Selon le communiqué gambien, Issa Tchiroma Bakary séjourne à Banjul depuis le 7 novembre. Son départ du Cameroun serait intervenu fin octobre ou début novembre, peu après la proclamation des résultats officiels qu’il conteste farouchement. Son entourage justifie le choix de la Gambie par la liberté d’expression et la sécurité que le pays lui garantit. Le document officiel évoque également, de manière plus surprenante, des négociations en cours entre l’opposant et le pouvoir de Yaoundé, avec la médiation du Nigeria voisin.
Ce départ s’inscrit dans un contexte politique camerounais extrêmement tendu. L’élection présidentielle, remportée selon les résultats officiels par Paul Biya, a été marquée par des contestations virulentes de l’opposition, qui dénonce des irrégularités. Issa Tchiroma Bakary, figure politique du Nord, s’était retranché dans sa ville natale de Garoua avant de quitter le territoire. Sa situation illustre les pressions persistantes exercées sur les voix dissidentes au Cameroun, où la contestation du pouvoir en place est souvent périlleuse.
Les perspectives immédiates restent floues et dépendent largement des négociations évoquées. Si un dialogue est véritablement engagé sous l’égide nigériane, il pourrait ouvrir une voie de sortie de crise pour une opposition marginalisée. Cependant, l’issue de telles discussions est incertaine. Le statut « temporaire » du séjour en Gambie pose également la question de la solution à long terme pour l’opposant, entre un retour négocié au Cameroun, un asile politique prolongé ou un exil vers une autre destination.
L’information concernant des négociations est toutefois accueillie avec un scepticisme prononcé du côté du pouvoir camerounais. Une source gouvernementale, anonyme, a fermement démenti l’existence de telles discussions, arguant qu’« aucune crise postélectorale » ne justifierait un tel processus. Cette contradiction entre les déclarations gambiennes et la version de Yaoundé ajoute une couche d’opacité à toute l’affaire et interroge sur la nature réelle des canaux de communication existants.

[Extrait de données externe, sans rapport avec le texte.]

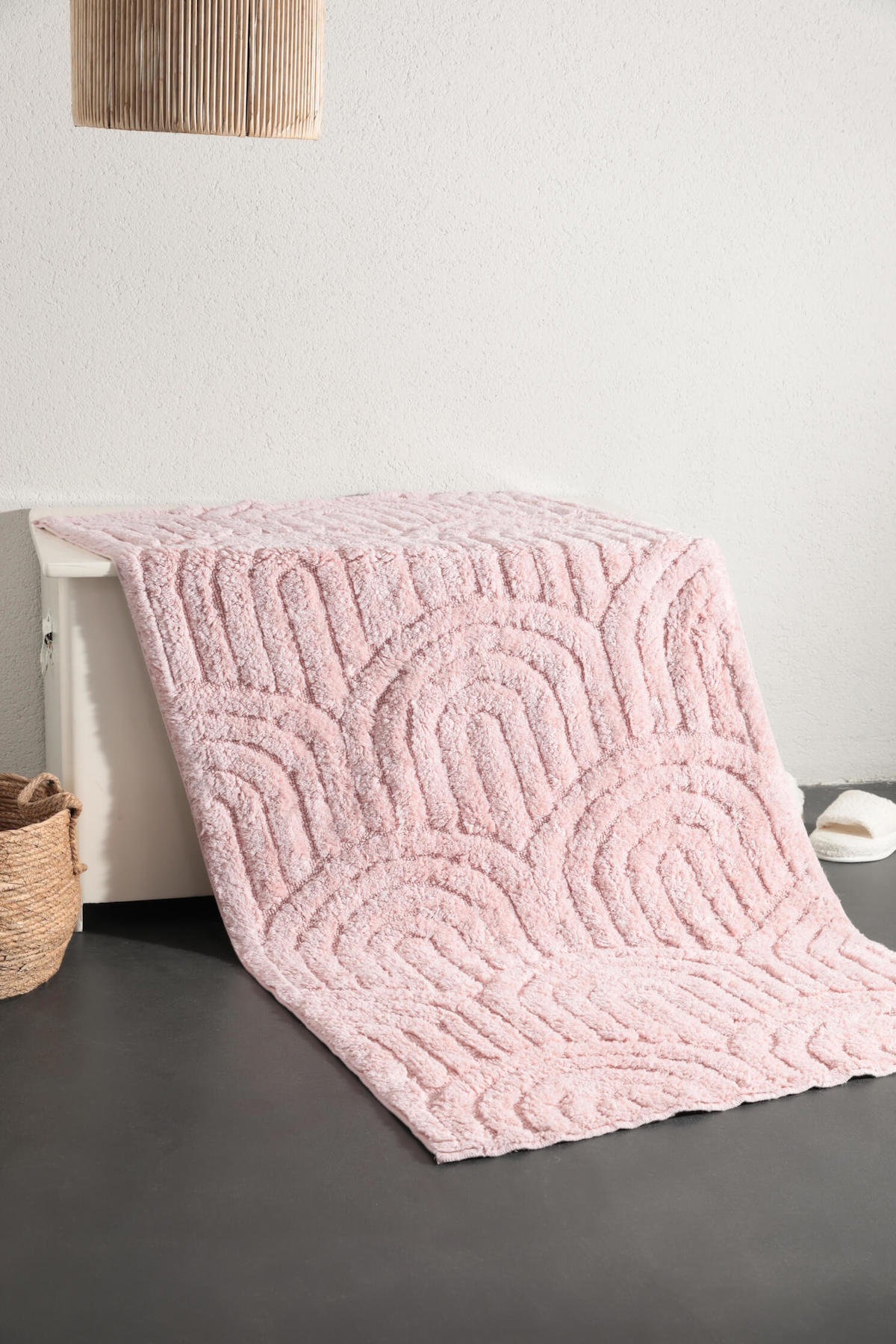 Favora Tina Pembe Pamuk Yıkanabilir İnce Dikdörtgen Tufting Antre-Oturma Odası-Salon-Yatak Odası Halısı 120x200 cm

Le parcours de l’opposant pour rejoindre la Gambie demeure partiellement élucidé. Des sources camerounaises affirment qu’il a transité par la ville nigériane de Yola, située non loin de la frontière avec le Cameroun et de sa base arrière de Garoua. Cet itinéraire suggère une sortie discrète du territoire et souligne le rôle clé du Nigeria, tant comme voie de passage que comme éventuel médiateur dans les affaires politiques de son voisin. La Gambie, quant à elle, renvoie une image de refuge pour les personnalités politiques en difficulté, un rôle qu’elle a parfois joué dans le passé.